Short descriptive text snippets
*** Block opens ***

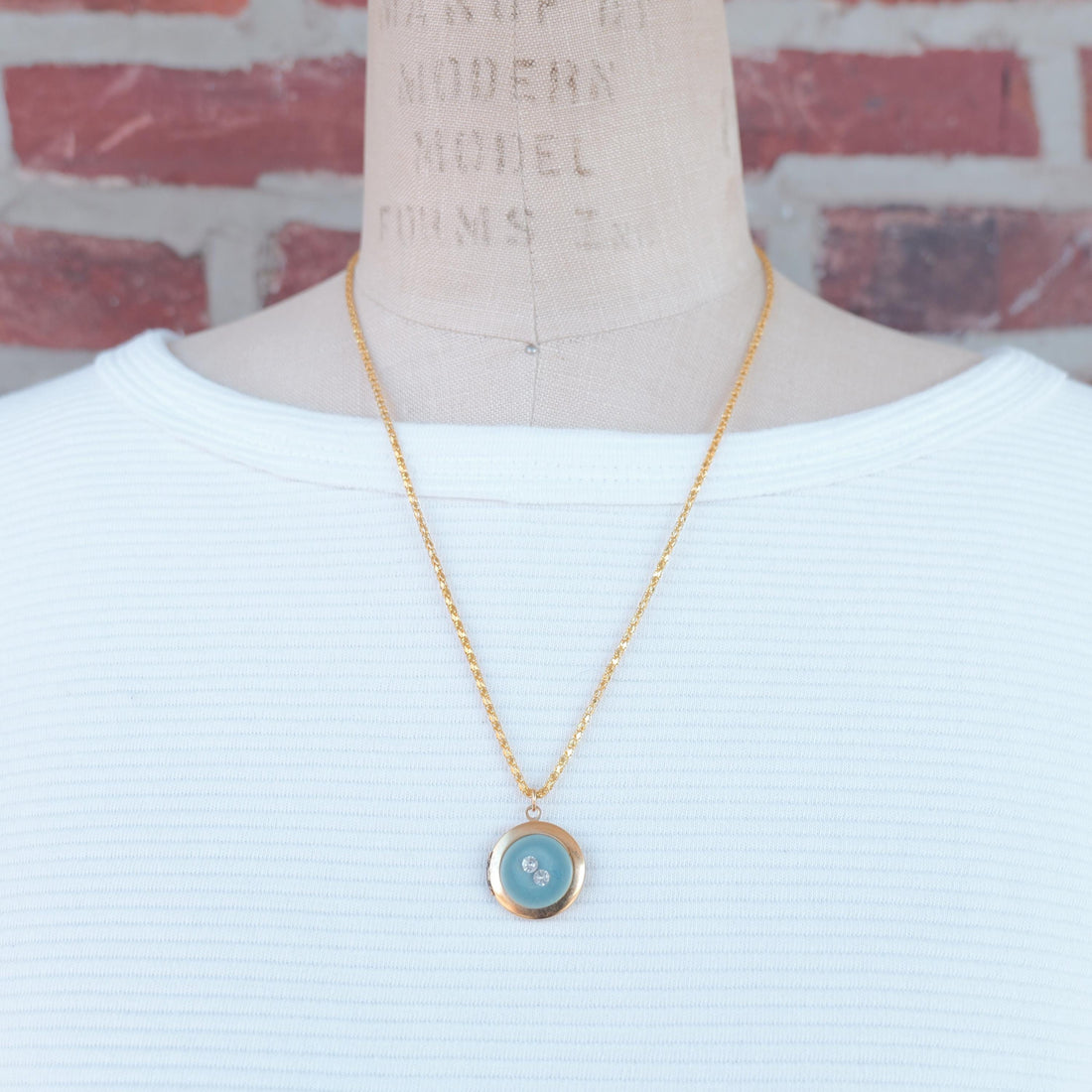 Lenora Dame One-of-a-Kind vintage button Charm locket necklace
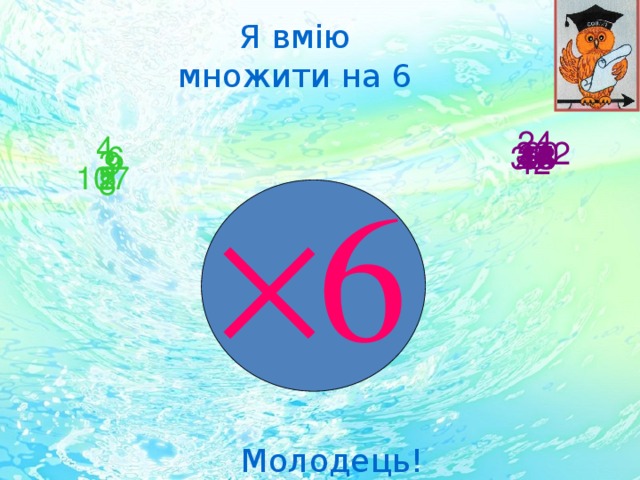 Я вмію множити на 6 24 4 30 60 12 54 6 36 48 18 3 42 9 5 2 7 10 8  6 Молодець! 
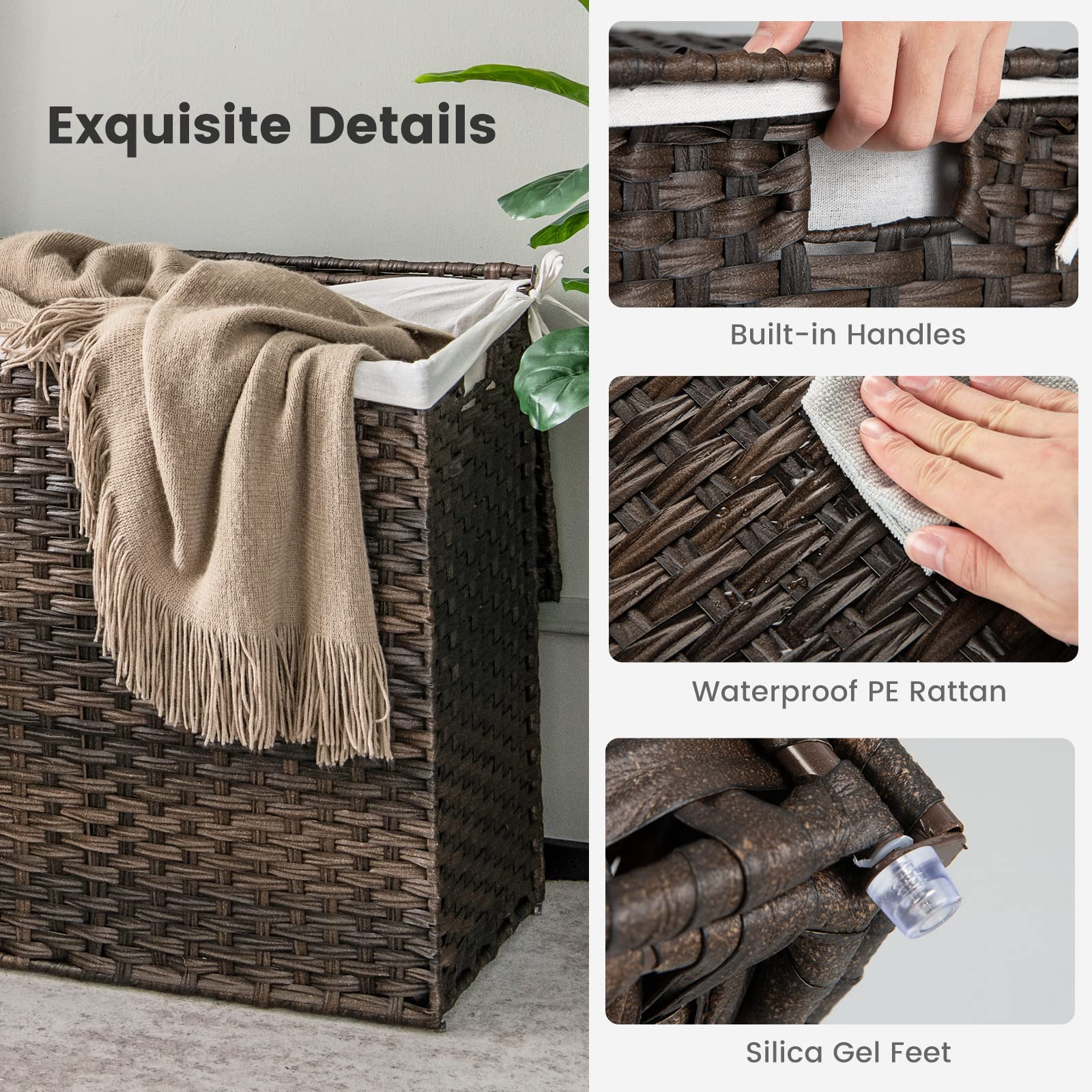 Giantex Laundry Hamper with Lid and Handle, 29 Gal (110L) Wicker Laundry Basket (Brown)
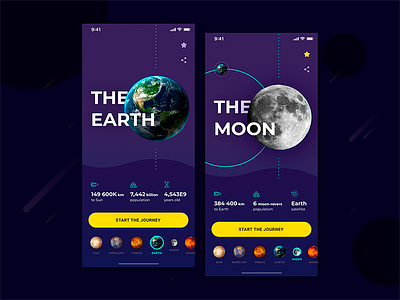 Solar System Journey UI concept app earth education falconx future ios mobile moon planets space stars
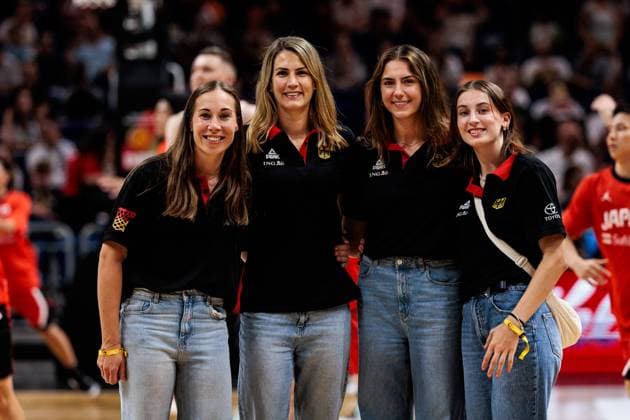 Testspiel: Deutschland - Japan; 19.07.2024 Svenja Brunckhorst, Sonja Greinacher, Marie Reichert und Elisa Mevius (Deutschland 3x3 Basketball) Testspiel DBB Herren: Deutschland - Japan; Uber Arena, Berlin am 19.07.2024 Copyright: xBEAUTIFULxSPORTS Wunderlx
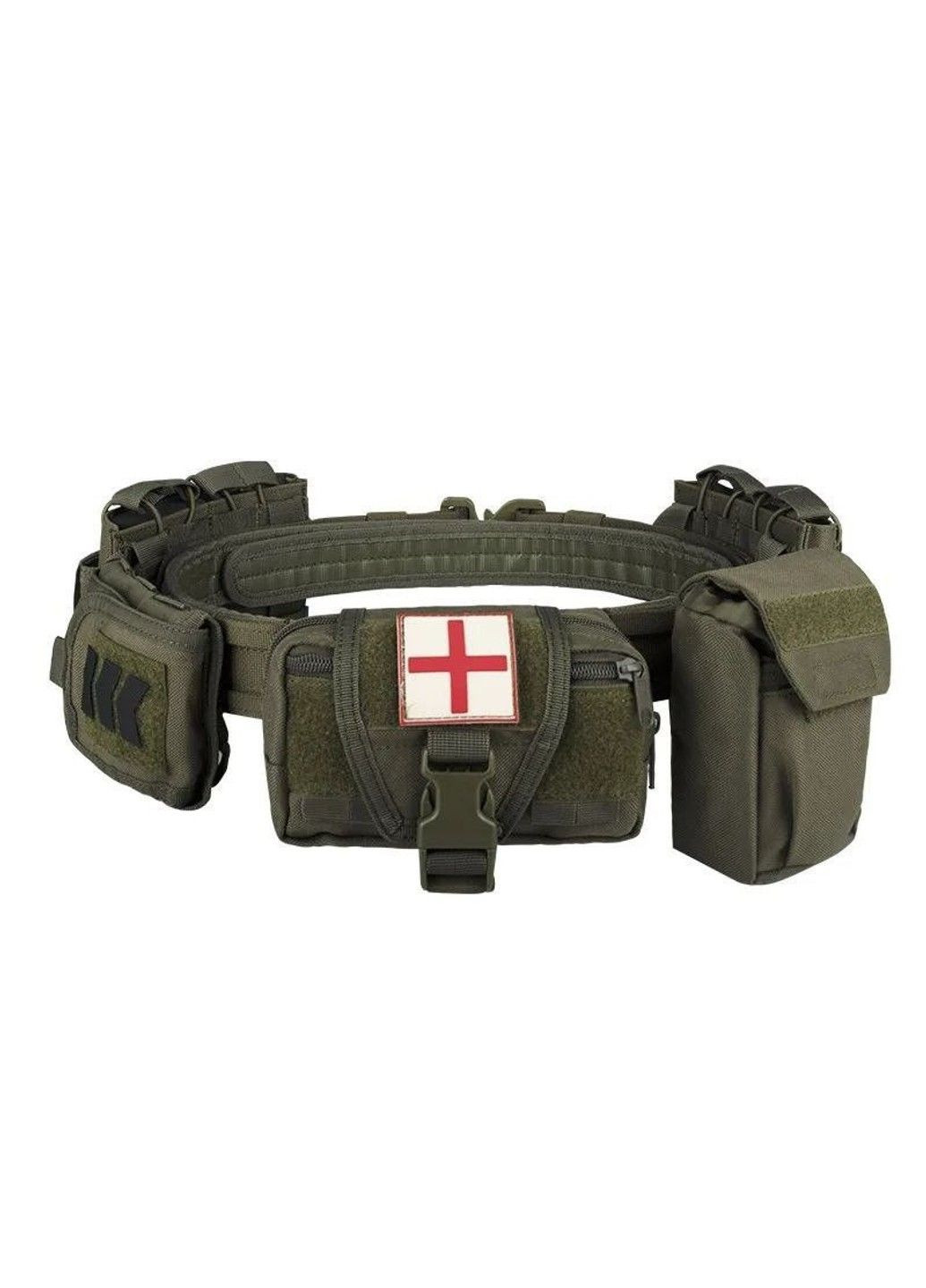 Пояс модульний розвантажувальний Yakeda з підсумками та системою Моллі Оливковий No Brand (332636484)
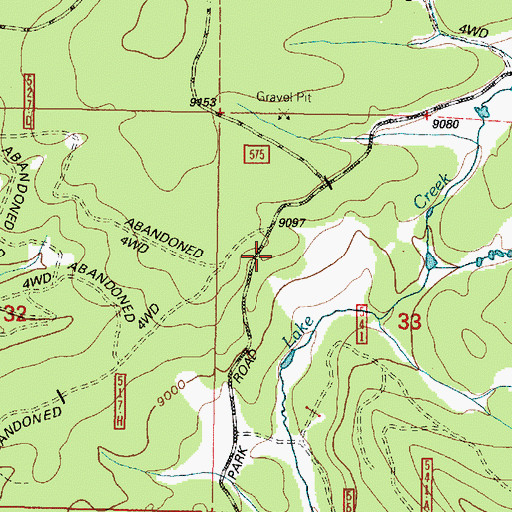 Topographic Map of Lake Creek Mine, WY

*** Block closes ***

Leave the pictures out and reproduce all of the records exactly.

 Lenora Dame One-of-a-Kind vintage button Charm locket necklace
 Я вмію множити на 6 24 4 30 60 12 54 6 36 48 18 3 42 9 5 2 7 10 8  6 Молодець! 
 Giantex Laundry Hamper with Lid and Handle, 29 Gal (110L) Wicker Laundry Basket (Brown)
 Solar System Journey UI concept app earth education falconx future ios mobile moon planets space stars
 Testspiel: Deutschland - Japan; 19.07.2024 Svenja Brunckhorst, Sonja Greinacher, Marie Reichert und Elisa Mevius (Deutschland 3x3 Basketball) Testspiel DBB Herren: Deutschland - Japan; Uber Arena, Berlin am 19.07.2024 Copyright: xBEAUTIFULxSPORTS Wunderlx
 Пояс модульний розвантажувальний Yakeda з підсумками та системою Моллі Оливковий No Brand (332636484)
 Topographic Map of Lake Creek Mine, WY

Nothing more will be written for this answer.